> WHAT THIS TASK INVOLVES:
In the listing below, locate the line containing "Gold-9K Twisted Loop Earrings" and copy it and every line after it through the end, exactly as written, leaving out any pictures.
[DATA SHOWN — start]
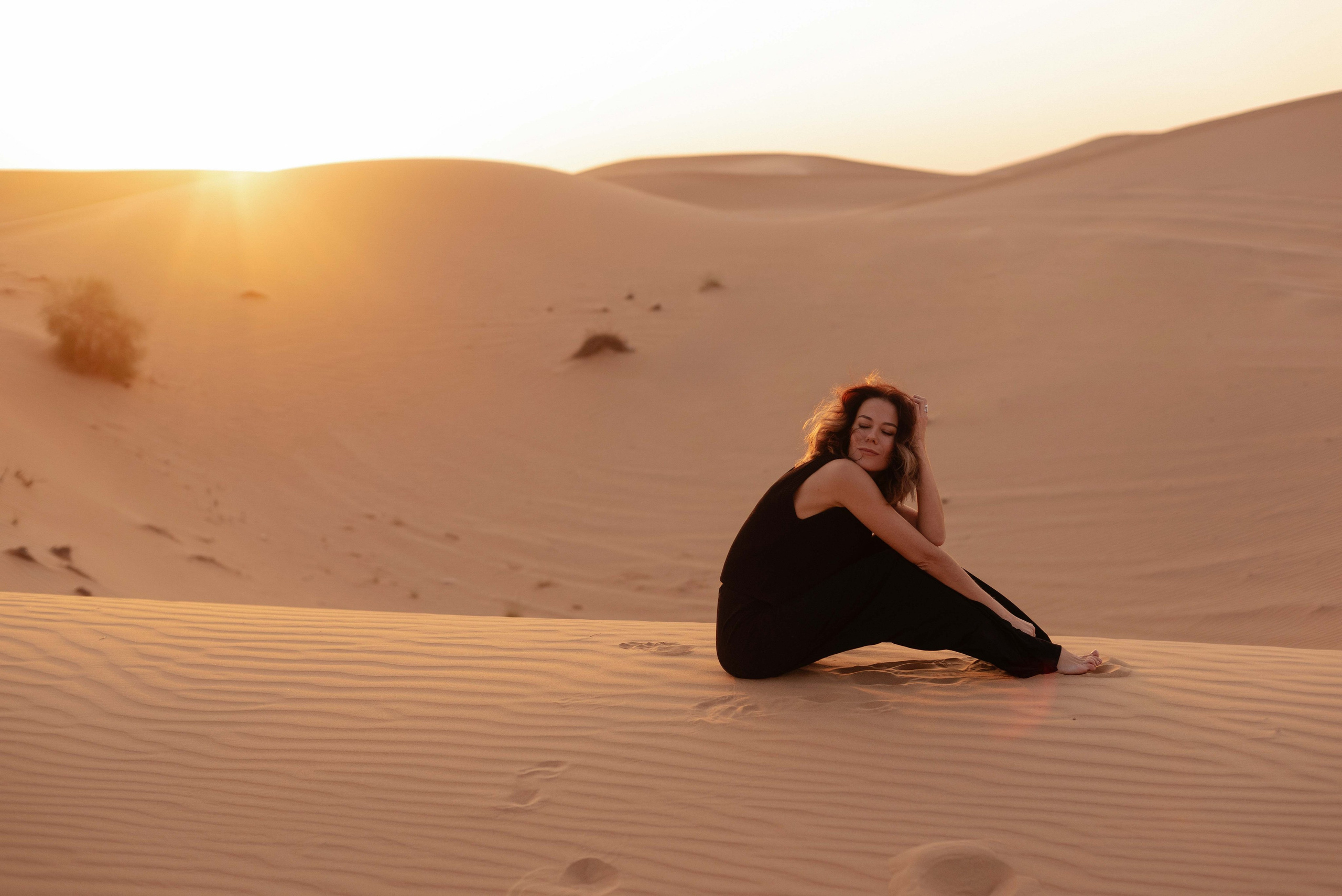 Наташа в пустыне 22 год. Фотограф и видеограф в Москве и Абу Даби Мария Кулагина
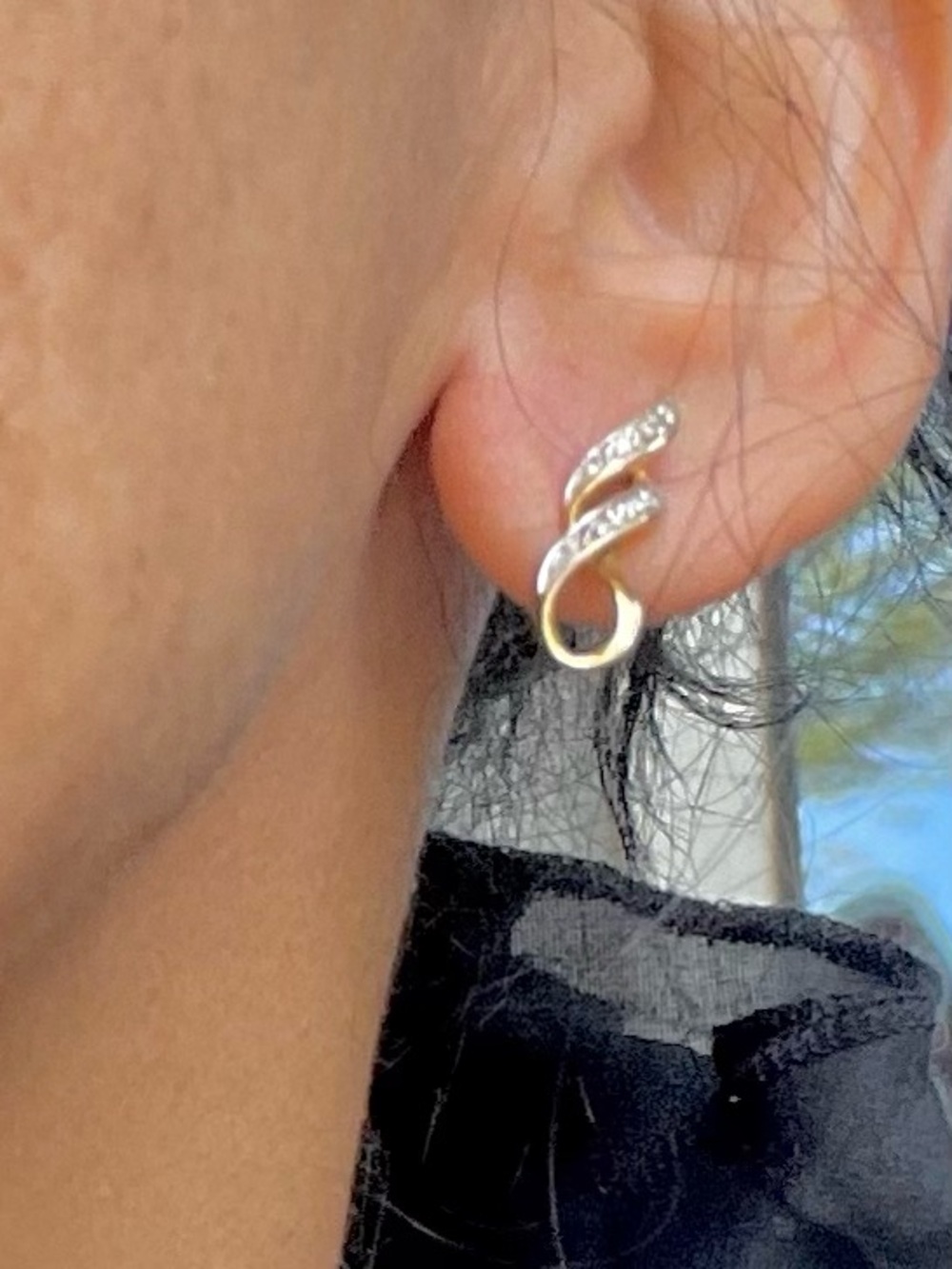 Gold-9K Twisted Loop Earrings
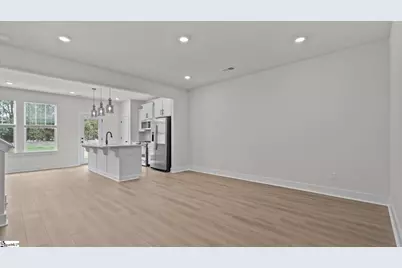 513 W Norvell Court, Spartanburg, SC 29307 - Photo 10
[DATA SHOWN — finish]
> RESPONSE AREA:
 Gold-9K Twisted Loop Earrings
 513 W Norvell Court, Spartanburg, SC 29307 - Photo 10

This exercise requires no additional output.